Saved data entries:
──────────────────────────────
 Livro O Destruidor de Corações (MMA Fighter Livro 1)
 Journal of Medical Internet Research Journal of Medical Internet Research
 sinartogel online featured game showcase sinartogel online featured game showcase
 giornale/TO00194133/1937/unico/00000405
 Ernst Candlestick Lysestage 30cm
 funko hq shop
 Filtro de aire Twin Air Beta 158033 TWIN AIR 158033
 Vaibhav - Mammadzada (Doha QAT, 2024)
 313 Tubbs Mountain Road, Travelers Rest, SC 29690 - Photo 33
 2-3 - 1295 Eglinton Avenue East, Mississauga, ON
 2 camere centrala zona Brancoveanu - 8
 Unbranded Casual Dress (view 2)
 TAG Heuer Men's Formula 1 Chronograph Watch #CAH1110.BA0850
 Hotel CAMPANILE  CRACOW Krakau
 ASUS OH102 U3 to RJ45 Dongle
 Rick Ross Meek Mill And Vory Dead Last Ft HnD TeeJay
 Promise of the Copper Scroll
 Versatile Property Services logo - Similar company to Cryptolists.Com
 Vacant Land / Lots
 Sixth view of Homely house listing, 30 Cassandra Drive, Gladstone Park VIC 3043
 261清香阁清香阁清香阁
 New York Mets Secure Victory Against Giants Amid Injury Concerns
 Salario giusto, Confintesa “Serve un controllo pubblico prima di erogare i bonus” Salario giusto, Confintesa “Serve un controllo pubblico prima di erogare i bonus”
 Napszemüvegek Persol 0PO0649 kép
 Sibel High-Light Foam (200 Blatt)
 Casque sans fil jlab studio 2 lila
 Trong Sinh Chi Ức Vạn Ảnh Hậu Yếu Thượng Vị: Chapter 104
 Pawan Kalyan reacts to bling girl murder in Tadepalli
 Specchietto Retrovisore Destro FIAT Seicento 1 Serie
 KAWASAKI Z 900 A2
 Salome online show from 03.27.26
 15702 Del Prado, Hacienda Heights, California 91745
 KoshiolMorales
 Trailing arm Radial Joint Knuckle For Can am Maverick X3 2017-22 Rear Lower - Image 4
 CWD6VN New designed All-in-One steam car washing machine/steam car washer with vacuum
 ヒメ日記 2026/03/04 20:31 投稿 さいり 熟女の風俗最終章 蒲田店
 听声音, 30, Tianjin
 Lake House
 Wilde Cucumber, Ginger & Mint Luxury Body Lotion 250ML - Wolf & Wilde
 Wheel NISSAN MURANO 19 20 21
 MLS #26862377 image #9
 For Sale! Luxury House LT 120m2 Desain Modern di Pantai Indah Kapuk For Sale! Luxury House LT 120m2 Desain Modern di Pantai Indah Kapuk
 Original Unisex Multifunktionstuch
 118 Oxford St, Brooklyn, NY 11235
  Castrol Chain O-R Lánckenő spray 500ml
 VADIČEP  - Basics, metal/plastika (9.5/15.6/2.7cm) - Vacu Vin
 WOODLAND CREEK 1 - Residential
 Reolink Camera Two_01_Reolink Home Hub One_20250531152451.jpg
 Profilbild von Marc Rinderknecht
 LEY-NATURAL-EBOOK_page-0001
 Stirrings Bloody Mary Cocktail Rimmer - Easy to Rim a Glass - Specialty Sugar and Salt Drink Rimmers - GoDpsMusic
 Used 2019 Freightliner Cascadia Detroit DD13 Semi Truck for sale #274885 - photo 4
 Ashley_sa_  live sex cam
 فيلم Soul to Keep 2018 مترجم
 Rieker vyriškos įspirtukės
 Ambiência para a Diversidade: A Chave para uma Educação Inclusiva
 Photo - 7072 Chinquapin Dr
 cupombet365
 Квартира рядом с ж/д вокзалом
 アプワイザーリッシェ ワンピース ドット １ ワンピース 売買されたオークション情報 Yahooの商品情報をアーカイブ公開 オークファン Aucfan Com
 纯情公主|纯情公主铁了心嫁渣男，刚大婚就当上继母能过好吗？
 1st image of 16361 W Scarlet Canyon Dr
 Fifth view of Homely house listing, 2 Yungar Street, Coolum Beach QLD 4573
──────────────────────────────
TASK TO COMPLETE: Give again only the lines starting at the one that contains "Ambiência para a" and running to the end of the data.

WRITTEN ANSWER:
 Ambiência para a Diversidade: A Chave para uma Educação Inclusiva
 Photo - 7072 Chinquapin Dr
 cupombet365
 Квартира рядом с ж/д вокзалом
 アプワイザーリッシェ ワンピース ドット １ ワンピース 売買されたオークション情報 Yahooの商品情報をアーカイブ公開 オークファン Aucfan Com
 纯情公主|纯情公主铁了心嫁渣男，刚大婚就当上继母能过好吗？
 1st image of 16361 W Scarlet Canyon Dr
 Fifth view of Homely house listing, 2 Yungar Street, Coolum Beach QLD 4573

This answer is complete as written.